Bir daha söylüyorum.
Ne senin düşüncen ne benim düşüncem ne bir başkasından duyduğunuz düşünce doğru değil.
Çünkü doğru ne senin elinde ne de benim elimde…
Doğru, ileride…
Yapabileceğimiz tek şey ona ulaşmak için ilerlemek, araştırmak, çalışmak olmalı…
Benim böyle düşünmeme sebep olan ise Çek Cumhuriyeti'nin eski Cumhurbaşkanı ve edebiyatçı Vaclav Havel’in bir kitapta okuduğum şu sözüydü:
“Gerçekleri arayana inanın ama onu bulduğunu söyleyenlerden uzak durun…”
Gerçekleri aramak, sürekli bir öğrenme ve keşif yolculuğu…
Ama…
İnternet ortamının sonsuz erişilebilirlik, sınırsız paylaşım olanakları içinde,
Üzerimize yağan bilgi bombardımanının ortasında,
Doğruyu bulmak, gerçekleri ayıklamak her zaman kolay olmuyor.
Bilgileri özellikle saptıran,
Yanıltıcı bir şekilde sunan,
Kişisel çıkarları için kullanan,
Ve bundan menfaat sağlayan pek çok kişi hatta kuruluş var.
Etkili oluyorlar mı, evet oluyorlar…
İnsanların düşüncelerini etkiliyorlar mı, evet etkiliyorlar.
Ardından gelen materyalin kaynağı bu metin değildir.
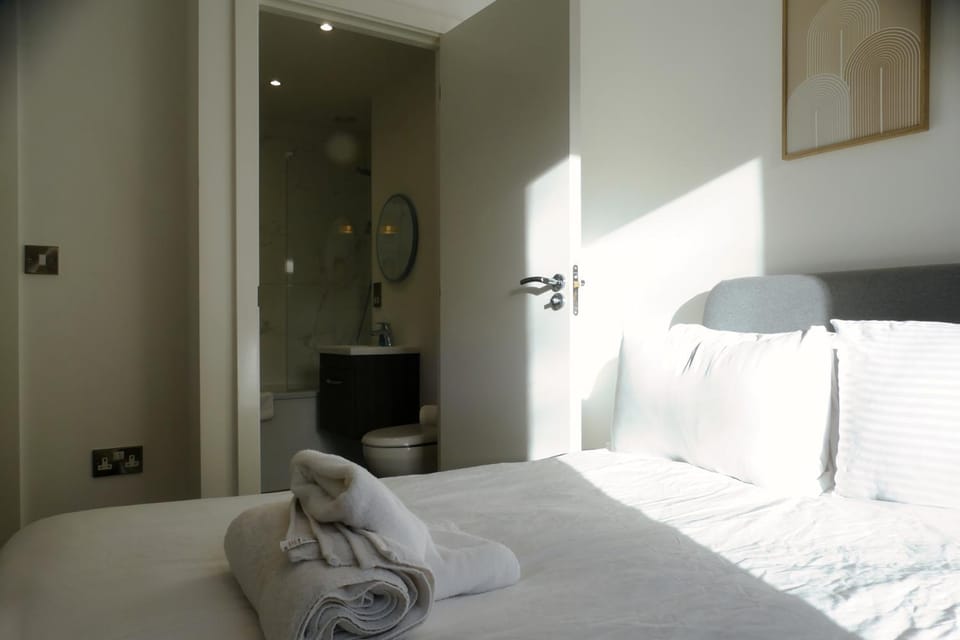 Bed, Bathroom, Bedroom, Bath, towels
İnsanları yönlendirebiliyorlar mı, evet yönlendiriyorlar.
İnsanları kendi çıkarlarına hizmet etme amacıyla kullanıyorlar mı, evet kullanıyorlar.
Aynı elden çıkmış, tek bir akıldan üretilmiş birbirinin kopyası kalıp düşünceler…
Al ve kullan…
Hani o karikatürde olduğu gibi;
Bir koyun ayağa kalkmış, bağırıyor:
"Artık sürünün bir parçası olmak istemiyorum." (İşte internette ilk okuduğuna inanan biri)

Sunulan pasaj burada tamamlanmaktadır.